→ EXERCISE BRIEF:
Lift out, unaltered, the lines of the material below between the line holding "Entdeckerh�uschen II, ab 18 Monate" and the line holding "2016 Jaguar F-Type 1st Gen - Image 31 of 31", counting both.

→ INFORMATION PROVIDED:
▬▬▬▬▬▬▬▬▬▬
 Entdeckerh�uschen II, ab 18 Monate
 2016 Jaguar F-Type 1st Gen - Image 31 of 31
▬▬▬▬▬▬▬▬▬▬
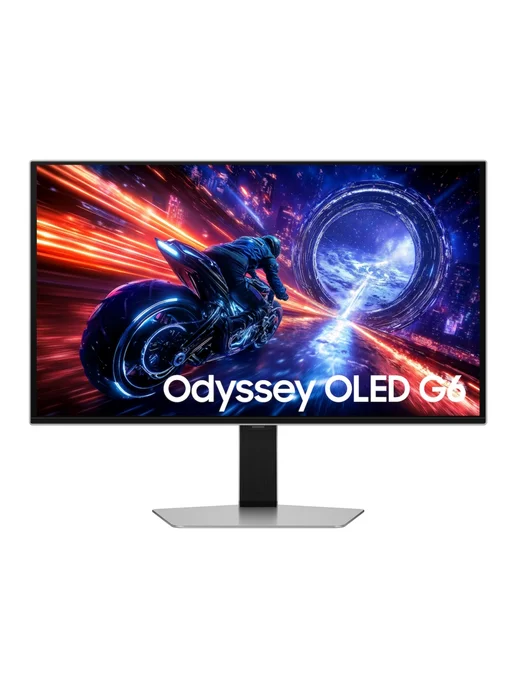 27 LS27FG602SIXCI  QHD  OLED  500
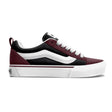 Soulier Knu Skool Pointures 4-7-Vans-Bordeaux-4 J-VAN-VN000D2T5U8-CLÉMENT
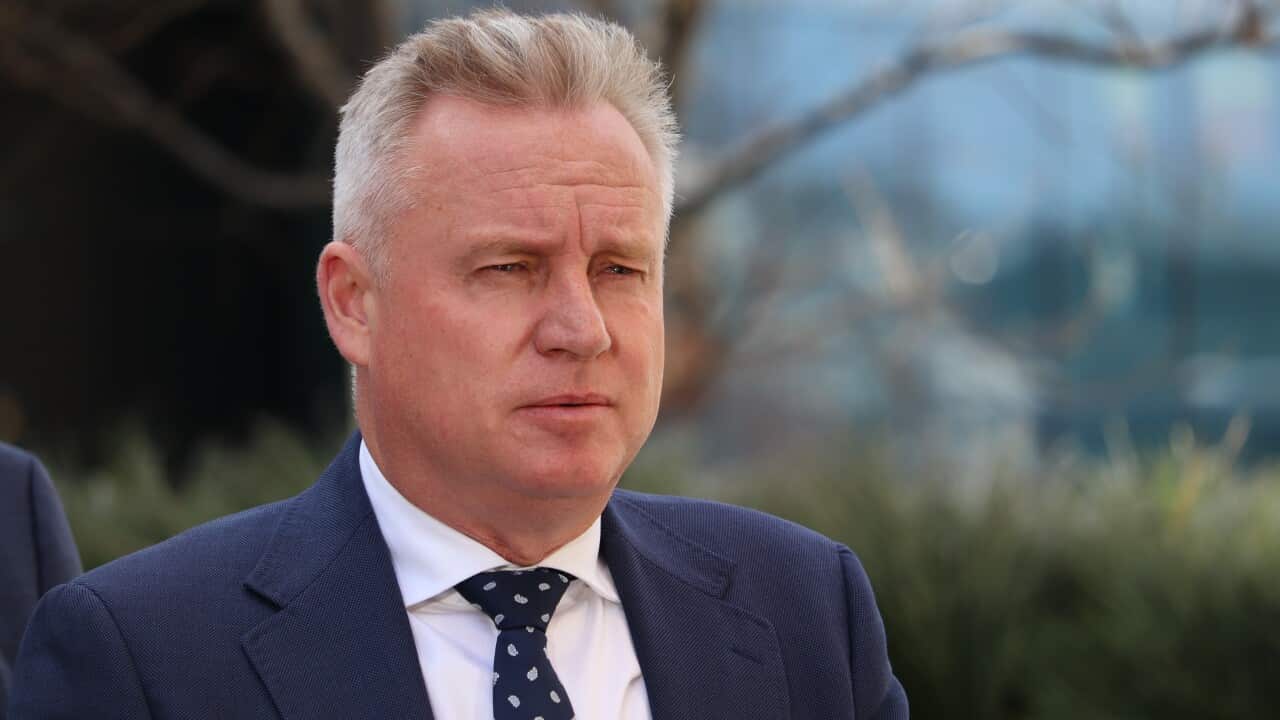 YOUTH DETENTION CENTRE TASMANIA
▬▬▬▬▬▬▬▬▬▬
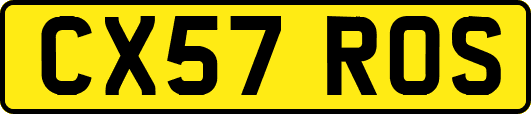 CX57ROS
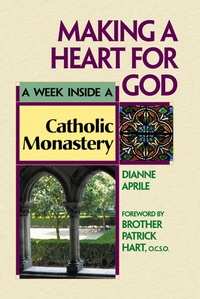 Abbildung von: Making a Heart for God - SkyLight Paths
▬▬▬▬▬▬▬▬▬▬
→ EXERCISE SOLUTION:
 Entdeckerh�uschen II, ab 18 Monate
 2016 Jaguar F-Type 1st Gen - Image 31 of 31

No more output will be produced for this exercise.